In his presentation during the April LMA Midwest Luncheon titled “Pricing legal services in a challenging environment,” Colin discussed the challenges firms face in setting a fair price, and ways they can improve price-setting discretion and avoid commoditization.
What is the “right” price?
Colin polled the audience on the characteristics of the right price. As hands went up across the room, “profitability,” “perceived value,” “sustainable rate,” and “responsive to the market” were among the responses. Colin agreed that all of these are important considerations and that the right price is one that is fair to the client and fair to the firm. Three implications flow from this:
It is the client’s responsibility to fight for what’s fair to them, and we should not begrudge them for doing so.
It’s our responsibility to fight for what’s fair for the firm.
We have a role to play in influencing our clients’ perceptions of fairness.
He described three common methods for setting a price:
- The cost-plus method, which uses multiples and margins to determine cost. This method reflects an accounting mindset.
The market-based method asks “what will it take to win?” and sets a price that is competitive with others in the market and employs a sales mindset.
Value-based pricing is the most talked about and perhaps least understood. It sets prices based on the value of the service to the client.
At its most basic level, pricing is the process of determining what a firm will receive in exchange for its services. It is important, said Colin, to think of pricing as a process, not as an event.

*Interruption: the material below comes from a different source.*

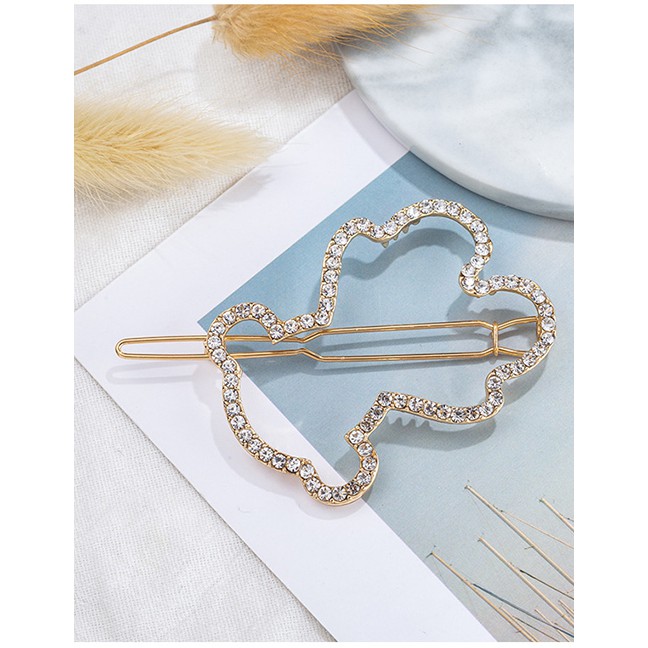 LRC Jepit Rambut Fashion Geometric Diamond Letter Hairpin F54511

The pricing process is comprised of key inputs (such as objectives, costs, competitors and client value), process elements (roles, strategies, tools and monitor, control and feedback) and components (fee level, fee structure).
If you never lose work because of price, you are pricing too low.

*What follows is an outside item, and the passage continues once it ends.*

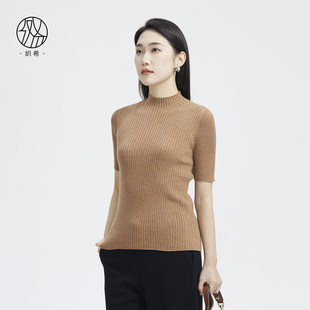 TENGS滕氏/织希女装秋冬新款轻奢舒适职场通勤休闲百搭短袖针织衫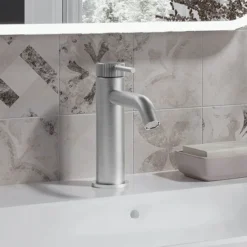 Crosswater 3ONE6 Stainless Steel Mono Basin Mixer Tap -Modern Bath Shop ts110dns d1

“We are taught that we need to pay attention to client feedback, but that’s true only to a point,” he said. “Client feedback tends to define our place in the market.” He noted that losing work because of price is absolutely bound to happen as long as you are maintaining your competitive position and pricing. A premium firm, for example, will have high pricing and greater benefits. Their clients will say “we love your benefits, but you’re expensive.” The mid-market firms will hear similar. Economy firms, with low prices and fewer benefits, will hear the opposite (“we love your price, but wish we were getting better results and/or service”).
I just don’t want to be ripped off.
When it comes to pricing structures, clients are steering away from the hourly rate, which Colin says is overused in the legal profession. Other structures, such as fixed fees, event fees, monthly retainers, value billing and hybrid structures, are preferred instead. These bear much more resemblance to value billing and allocate risk between the client and the firm. With hourly fees, a disproportionate amount of risk falls on the client.
All of this does not make for a greedy client. Instead, said Colin, clients are buying emotionally and justifying rationally. They are saying “I’m happy to pay what’s fair, but I don’t want to be ripped off.” Clients are looking for signals as to whether the resulting price is fair and that they got good value for their spend. One of our roles as legal marketers is to influence the client's perception of value. Many factors come into play when clients are determining the fairness of price. They are comparing price to a range of alternatives, including competitors, benefits, discounts, estimates, options and even competitors in a different market position. The heightened role of procurement in these purchase decisions has further exacerbated these comparisons.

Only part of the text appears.